Nortina’s Egyptian Travel Diaries (#AtoZChallenge): “O” is for Osiris, Set, and Horus: Gods of Egypt

As you may have already guessed, before this trip, the majority of my Ancient Egyptian knowledge came from movies, which in and of itself is extremely flawed. Hollywood whitewashing aside, any film based on historical events must always be taken with a grain of salt, as the filmmakers almost always take creative liberties and fictionalize the tale just a tad (and by “just a tad,” I mean 99.99%) to make it entertaining.

That being said, after visiting the Temple of Horus at Edfu and listening to our tour guide explain the mythology written on the walls of the temple of Osiris, Set, and Horus, I have a newfound appreciation for the Gerard Butler-staring 2016 film, God’s of Egypt. I can see that the filmmakers did at least try to give us a somewhat accurate portrayal of these gods.

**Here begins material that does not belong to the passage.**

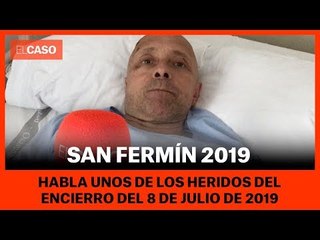 SAN FERMÍN 2019 - Habla Javi Muñoz, uno de los heridos del encierro del 8 de julio de 2019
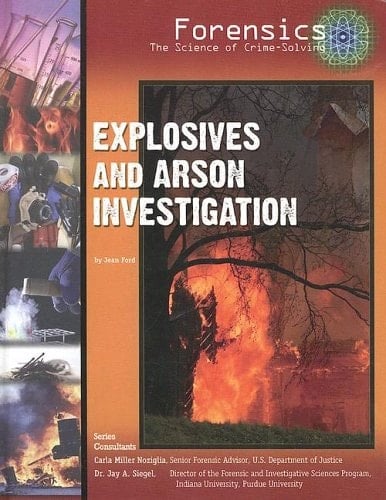 Explosives And Arson Investigation (Forensics: the Science of Crime-solving)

Again, Hollywood whitewashing aside.

So what did the movie get right? Let’s take a look. Please note if you haven’t seen the movie, this post contains spoilers. You’ve been warned.

Horus to be crowned king

Yep, that’s right! Horus and Osiris were both recognized as symbols of the kingship of Egypt. Remember the picture of King Khafre in the post “Museums and Mummies” with the falcon covering the back of his head? That was Horus! And the woman Pharaoh Hatshepsut appears as Osiris in the statues at her mortuary temple.

Set’s jealousy of Osiris

Osiris was more beloved by the people of Egypt, and Set didn’t like this one bit, which is why Osiris is often considered the god of order and Set his antithesis, the god of disorder.

Our tour guide compared their story to that of Cain and Abel in the Bible, and we all know what happened between those brothers…

Set kills his brother and assumes the throne!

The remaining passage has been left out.